Given the earlier defection of NXP Semiconductors, "Crolles2 is dead," concluded one analyst.
At the same time, TI stunned the market by disclosing it will drop the costly business of digital logic process development (see story, this page). TI said it plans to close its 200-mm Kilby wafer fab in Dallas and move the equipment into its existing analog fabs. The company will cut 500 jobs by year's end.
Other major IDMs are expected to revamp their own chip-manufacturing strategies. Analysts last week pointed to Cypress, IDT and Spansion as candidates.
With the cost of 300-mm wafer fabrication facilities approaching $5 billion or more, coupled with the soaring price of process development and IC equipment, the decision to work more closely with foundries appears to be a tough but necessary choice if IDMs are to rein in their costs while keeping up with Moore's Law.
Increasingly, IDMs are allowing the foundries to handle not only more of the traditional IC production requirements, but also the R&D. Over time, process technology will become less of a differentiator for many chip companies, at least on the digital CMOS side. IDMs will have little or no process technology advantage over their fabless rivals, many of which use the same foundries to gain access to cutting-edge technologies.
"The IDMs go from being the source of the process and in control of the relationship to a situation where they are just another customer," said Malcolm Penn, chief executive of market analysis firm Future Horizons (Sevenoaks, England). "At that point, the dynamics will change dramatically. When there are only a few sources of process and manufacturing, the price will go up. And if everybody has the same process, how do you differentiate--only in design, or only in the software running on the design? The differentiation all becomes second or third order."

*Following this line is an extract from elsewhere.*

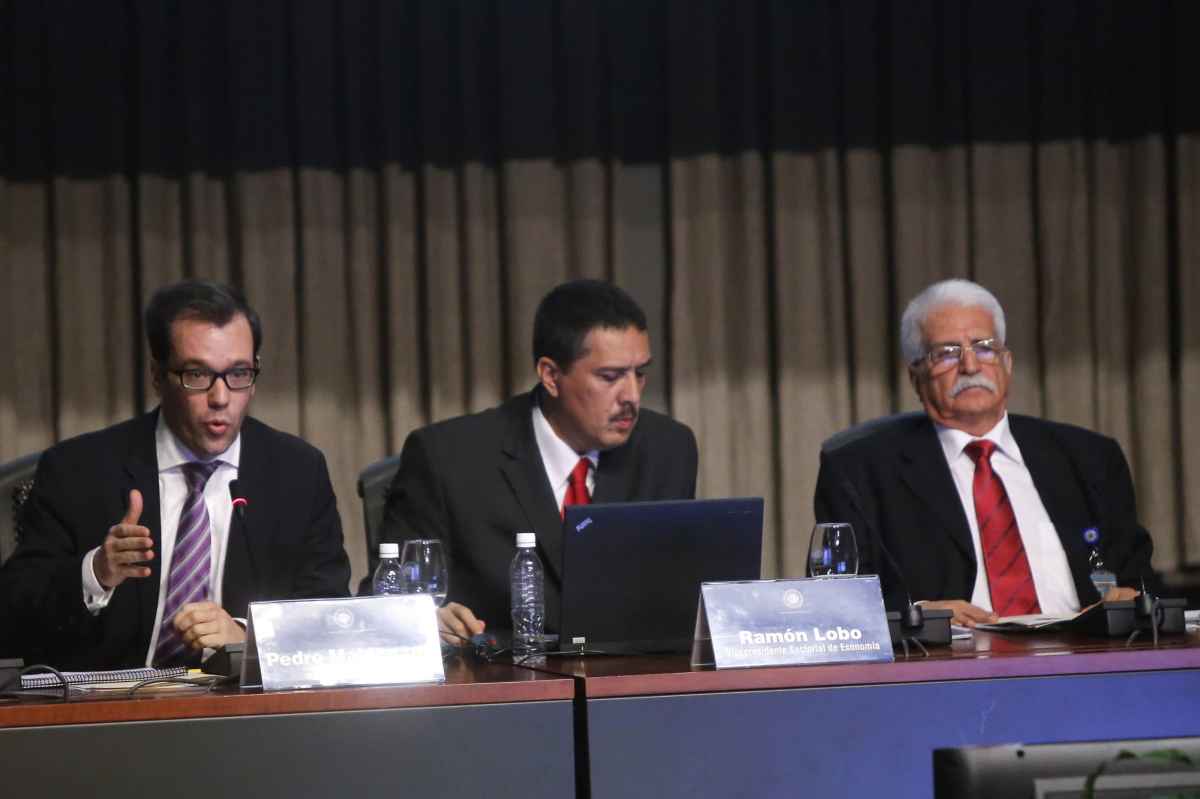 lobo sanguino maldonado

It is possible that TI and ST still intend to build fab shells on an occasional basis to house licensed-in processes, so that they can continue to manufacture digital logic at the leading edge. If that is the case, the companies could be seen as moving to a "fab lighter" position.
But Penn insisted that process development and manufacturing are inextricably linked. The logical extension of the TI and ST decisions is that manufacturing of digital CMOS will gradually wither in the fabs, Penn said. And in his view, giving up process development is done at the long-term peril of shareholders.
"When chip manufacturing is controlled by a quasi-monopoly of three or four foundries. how are they going to play the game?" Penn asked.
Both companies intend to carry on manufacturing more-exotic processes, such as analog and RF on CMOS. But Taiwan Semiconductor Manufacturing Co. and other foundries already know how to do that, observed Scemama of ABN Amro. Bluetooth silicon vendor CSR plc "is already a leader in CMOS RF, and it is a fabless company," Scemama added.
Strange bedfellows
The fast changes being seen in the IC industry underscore a trend toward collaboration--with partners and, sometimes, with competitors, said Jim Hines, an analyst with Gartner Inc. (Stamford, Conn.). "We've been predicting deeper levels of collaboration among semiconductor manufacturers for some time," Hines said. "This kind of collaboration is necessary. Companies must find alliances to enable them to remain successful."
At the start of this decade, a number of big chip alliances were formed to let vendors share the risks and costs of semi- conductor manufacturing and process development. One of them was Crolles2, the high-profile alliance created in 2000 in Crolles, France, by ST and Philips Semiconductors (now NXP). Freescale joined two years later, and foundry giant TSMC signed on as an associate partner.
But two weeks ago, NXP (Eindhoven, Netherlands) disclosed it will not extend its participation beyond the term expiring at the end of 2007 (see Jan. 22, page 1). Instead, NXP will expand its ties with longtime foundry partner TSMC.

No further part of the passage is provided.